What I am wondering is which method of repayment will be best?

I have an NS&I ISA of 3k (0.55% above base rate) and premium bonds of 5K (soon to be put elsewhere).

Should I just keep putting 6k into 2 x ISA's each year (partner also), save up cash this way, and pay a big wad off at the end of the 10year fixed term, in effect remortgaging then?

Or should I pay off the max amount I am allowed for any 1 year at the start (or end?) of the financial year, ie 5K now, and save up for next years payment via my ISA's or a high interest account?

Doing both of the above, ie maxing ISA's and overpayments will be too difficult I think.

Am I miles out in my thinking, is there a better way?

Thanks in advance.

Comments

  • Dithering_Dad
    Dithering_Dad Posts: 4,554 Forumite
    Mortgage-free Glee!
    As long as you can get better returns with your ISA than you're paying with your mortgage rate of 5.37 then it would make more financial sense to store your money away in the ISA. You'd also have the advantage of having a pool of ready cash in case of emergencies.

    However, if you're like me, you'll also love the sight of your mortgage slowly going down too. I'd probably end up doing both - 3k into a single cash ISA and 3k (plus any other cash I could find to try and make it up to the 5k max) into the mortgage. This provides the ISA emergency cash cushion but also lets you have the satisfaction of paying down your mortgage.

    You might lose a bit of interest by not putting the whole amount into 2 ISAs, but you may also gain because paying the 3k off on your mortgage may give you the incentive to try and find the other 2k a year to make up the full overpayment allowance. This can be done by using the many MSE tips such as credit card stooging, reducing your utility bills, pigsback, mortgage pigs, etc, etc.
    Mortgage Free in 3 Years (Apr 2007 / Currently / Δ Difference)
    [strike]● Interest Only Pt: £36,924.12 / £ - - - - 1.00 / Δ £36,923.12[/strike] - Paid off! Yay!! :)
    ● Home Extension: £48,468.07 / £44,435.42 / Δ £4032.65
    ● Repayment Part: £64,331.11 / £59,877.15 / Δ £4453.96
    Total Mortgage Debt: £149,723.30 / £104,313.57 / Δ £45,409.73
  • I recently remortgaged with Woolwich/Barclays and luckily came into some extra money. So I paid it off my mortgage as an overpayment equivalent to the maximum overpayment I'm allowed to make this year. I think it was 5%.

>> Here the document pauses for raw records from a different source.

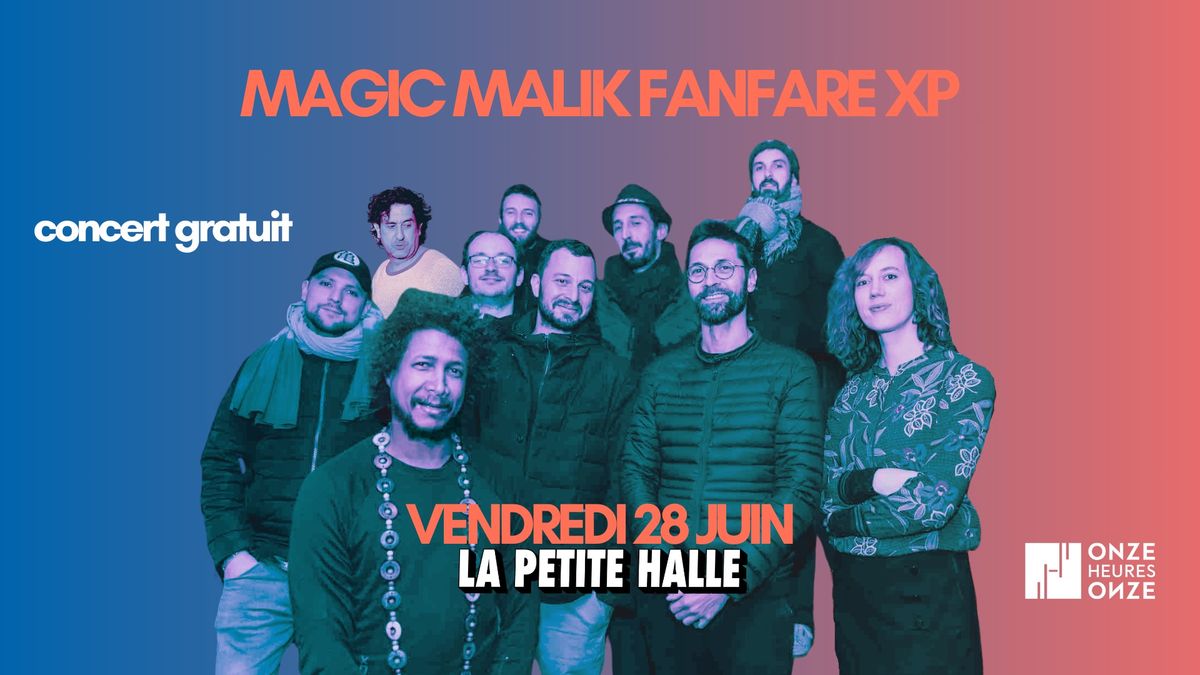 Magic Malik Fanfare XP \/\/ La Petite Halle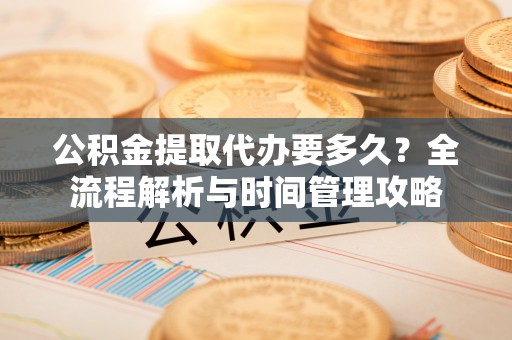 余干公积金提取代办要多久？全流程解析与时间管理攻略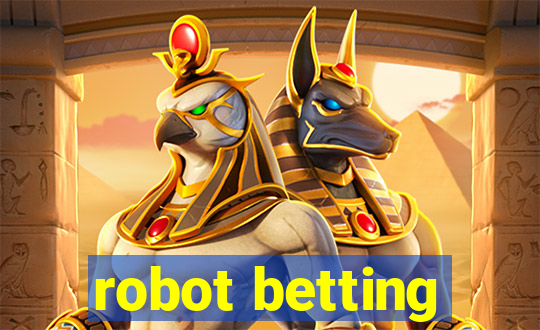 robot betting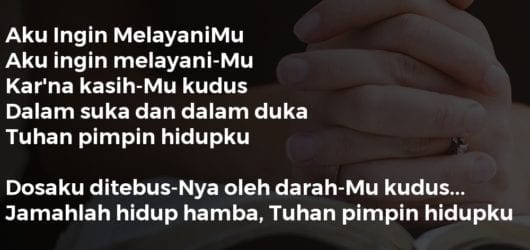 Aku Ingin MelayaniMu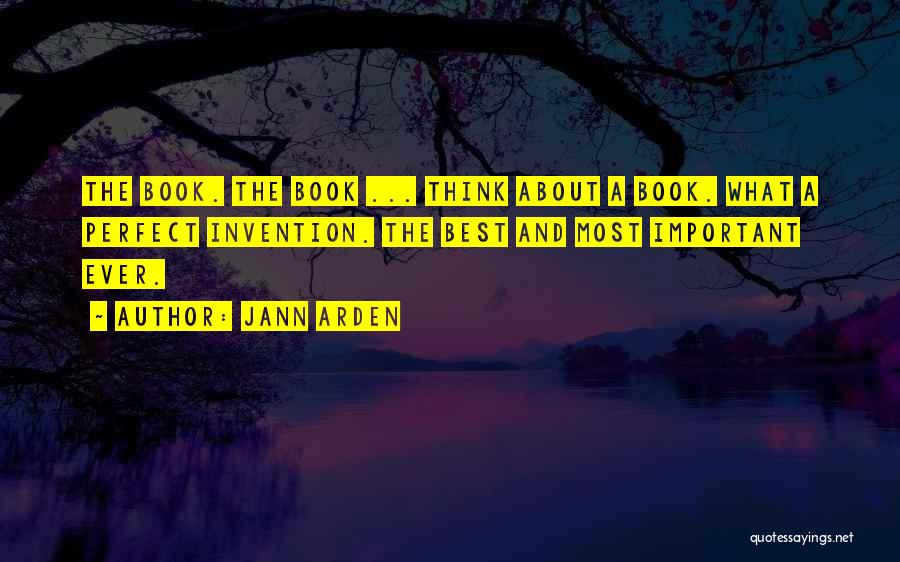 Jann Arden Quotes: The Book. The Book ... Think About A Book. What A Perfect Invention. The Best And Most Important Ever.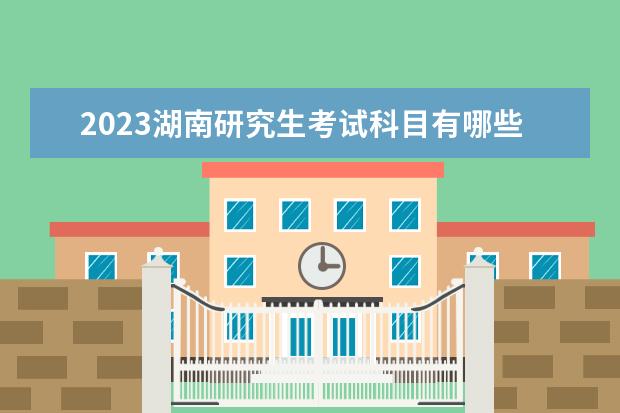 2023湖南研究生考试科目有哪些 研究生考试日期是什么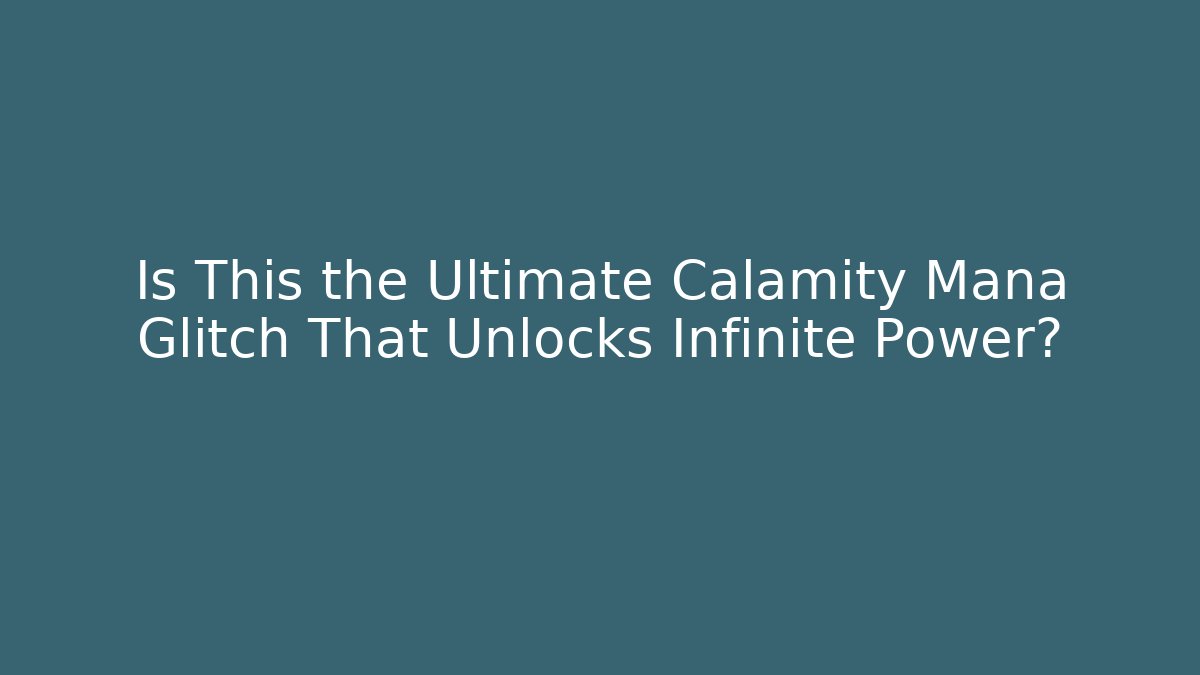 Is This the Ultimate Calamity Mana Glitch That Unlocks Infinite Power?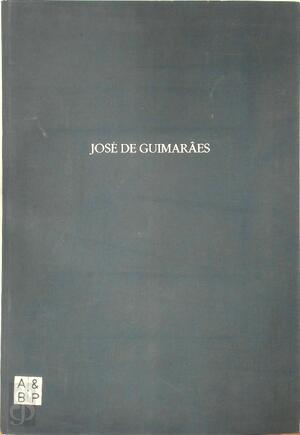 José de Guimarâes - Marcel van Jole, Fernando de Azevedo, Remi de Cnodder, José-Augusto França, René Micha, Fernando Pernes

    But my payments have remained the same? Does that mean that my term is decreased? I wouldn't mind this but what worries me is that my mortgage will be paid off at the end of the fixed rate period and if I pay it off before I have to pay a fee. :eek:Anyone have any experience with this mortgage and overpayments? I think I better not make anymore overpayments.

    Cheers!
  • setmefree2
    setmefree2 Posts: 9,072 Forumite
    Mortgage-free Glee!
    Hi

    Do you have an aim? Do you want to be mortgage free so you can get another mortgage and move up the property ladder, for example? or do you just want to be in a good finanical position?

    The Mortgage vs ISA dilema is not just a staright comparison of rates as an ISA will deliver tax gains forever. So an ISA pot of say £70k will produce a tax free income of say £3500 in old age, equivalent to £4666 worth of pension (as this is taxable.) So the earlier you start your ISA saving the bigger your tax free stream of income will be in old age. Attention should be paid to ISA's so you don't find yourself with excess money that you can't protect from future tax.

    However, looking at an ISA in this way is effectively saying goodbye to the money, much as you do with a pension. So it does depend on what you are trying to do, I think. Indeed, many seem to be highly motivated to pay off "debt" and therefore ultimately maybe better off in the long run.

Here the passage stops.